Accounting and payroll software company MYOB, is urging business owners to take cyber security seriously when moving to new operating models, including working from home.

Local businesses, especially small and medium sized enterprises, will need to focus on security if they are to successfully and safely change their operating model in the face of the coronavirus pandemic.

With working from home programmes becoming increasing prevalent to reduce the spread of COVID-19, MYOB says cybersecurity will be a key risk to be addressed by SMEs implementing this model.

MYOB NZ Country Manager Ingrid Cronin-Knight says in the face of the rapidly evolving situation, which has sent shockwaves through the global economy, local businesses need clear guidelines on how to protect themselves through this time of upheaval.

“As we’ve watched countries across Europe effectively lock down their economies, it is becoming increasingly clear that businesses will be looking for ways to keep their operations running, and we should be providing support to enable them to do so,” says Ingrid Cronin-Knight.

“Most SME’s will not have experienced a disruption to their business of this magnitude, and while technology has enabled more flexibility to connect in a virtual environment, many businesses will not have the knowledge or capability to implement such a significant change quickly and safely.”

“Alongside the technical challenges of scaling up their work from home operation, are the risks – potentially very large – of securing these businesses against cyberattack.”

Ingrid Cronin-Knight
Ingrid Cronin-Knight, Country Manager, MYOB NZ.
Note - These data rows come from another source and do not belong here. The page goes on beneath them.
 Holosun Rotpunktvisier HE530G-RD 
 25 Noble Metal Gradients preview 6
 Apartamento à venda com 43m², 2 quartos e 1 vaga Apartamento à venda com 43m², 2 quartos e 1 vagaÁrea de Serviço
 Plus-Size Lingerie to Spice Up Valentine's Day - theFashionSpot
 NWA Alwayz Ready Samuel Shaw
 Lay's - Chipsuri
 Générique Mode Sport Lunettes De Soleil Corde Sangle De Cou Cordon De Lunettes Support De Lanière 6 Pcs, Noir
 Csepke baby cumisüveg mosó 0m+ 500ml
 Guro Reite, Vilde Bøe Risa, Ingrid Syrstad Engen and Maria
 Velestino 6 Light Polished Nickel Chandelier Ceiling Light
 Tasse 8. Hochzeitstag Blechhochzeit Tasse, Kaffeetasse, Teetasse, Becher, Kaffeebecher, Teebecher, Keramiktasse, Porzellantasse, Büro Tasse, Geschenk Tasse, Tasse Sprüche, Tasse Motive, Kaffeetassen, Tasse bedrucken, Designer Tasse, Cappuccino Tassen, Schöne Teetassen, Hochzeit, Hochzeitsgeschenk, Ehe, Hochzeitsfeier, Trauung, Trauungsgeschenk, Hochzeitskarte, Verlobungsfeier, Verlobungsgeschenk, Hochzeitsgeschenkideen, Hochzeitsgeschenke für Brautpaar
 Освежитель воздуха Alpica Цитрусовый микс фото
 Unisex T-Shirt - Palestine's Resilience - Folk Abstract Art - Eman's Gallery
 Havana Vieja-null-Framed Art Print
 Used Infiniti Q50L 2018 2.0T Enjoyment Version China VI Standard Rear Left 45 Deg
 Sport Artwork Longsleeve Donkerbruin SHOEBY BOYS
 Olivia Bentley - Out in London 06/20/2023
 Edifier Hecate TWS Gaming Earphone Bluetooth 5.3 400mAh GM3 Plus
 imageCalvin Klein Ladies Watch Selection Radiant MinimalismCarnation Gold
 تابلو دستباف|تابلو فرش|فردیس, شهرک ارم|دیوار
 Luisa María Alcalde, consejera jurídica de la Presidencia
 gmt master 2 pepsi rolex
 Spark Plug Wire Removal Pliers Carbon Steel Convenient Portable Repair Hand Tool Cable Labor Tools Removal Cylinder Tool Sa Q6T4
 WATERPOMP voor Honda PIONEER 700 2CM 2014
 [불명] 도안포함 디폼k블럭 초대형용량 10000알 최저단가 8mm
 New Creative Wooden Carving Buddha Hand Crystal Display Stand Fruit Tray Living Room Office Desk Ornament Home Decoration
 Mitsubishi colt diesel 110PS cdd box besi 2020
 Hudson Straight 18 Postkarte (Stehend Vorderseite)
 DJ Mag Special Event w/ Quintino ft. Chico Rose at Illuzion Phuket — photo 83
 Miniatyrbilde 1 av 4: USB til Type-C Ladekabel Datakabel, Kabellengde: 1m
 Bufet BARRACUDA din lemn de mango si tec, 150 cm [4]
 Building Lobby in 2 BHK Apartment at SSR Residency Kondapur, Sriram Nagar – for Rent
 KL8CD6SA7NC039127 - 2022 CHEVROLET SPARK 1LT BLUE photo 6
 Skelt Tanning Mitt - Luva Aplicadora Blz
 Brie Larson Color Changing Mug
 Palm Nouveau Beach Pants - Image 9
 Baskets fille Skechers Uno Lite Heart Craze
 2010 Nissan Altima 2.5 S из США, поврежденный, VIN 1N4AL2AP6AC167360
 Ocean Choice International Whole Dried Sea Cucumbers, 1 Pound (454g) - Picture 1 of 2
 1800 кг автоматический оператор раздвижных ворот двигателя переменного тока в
Ms Cronin-Knight says security experts are warning about the risks of large scale moves to remote working, as cyber criminals seek to exploit the opportunity of more businesses moving online.

According to the MYOB Business Monitor survey of 1,000 New Zealand SMEs, almost a third (29%) of businesses have been the victim of a cyber security breach in the form of malware, online scam, hack, phishing or ransomware attack.

There are several actions that SMEs can take to protect themselves online including updating all software with the latest security upgrades and patches, installing and updating firewalls on home services and using technology to enable password protection, such as 2-Factor Authentication (2FA).

In addition, it is important to educate other home users – such as children – on the risks of scams, malware and phishing attacks that could infect devices.

It is also important to protect business communications by using a VPN or another secure communication method when connecting to your business over Public WiFi services.

Ms Cronin-Knight said: “We urge businesses to consider the key security and continuity risks they may face in managing a rapid transition to a work from home operation”

MYOB’s key security recommendations for SMEs working from home:

1. Update all software and operating systems with the latest security updates and patches.

2. Make sure firewall technologies are installed and configured appropriately on systems used at home.

3. Keep all endpoint protection services, such as anti-virus and anti-malware software enabled and updated.

4. Ensure routers and other telecommunications equipment don’t use default passwords and credentials.

5. Use multi-factor authentication (2FA) for all remotely accessible services and systems where possible (2FA creates additional security by requiring a one-use code generated by an authorisation app).

6. Update filtering for spam and malware on email systems.

7. Ensure backups are in place on all key systems and data.

8. Don’t store customer data without adequate security.

9. Keep staff informed of all incident response procedures as they apply to remote working.

10. Ensure that administrators or privileged users are aware & follow all security processes and procedures.

11. Provide adequate security awareness training regarding staying safe at home.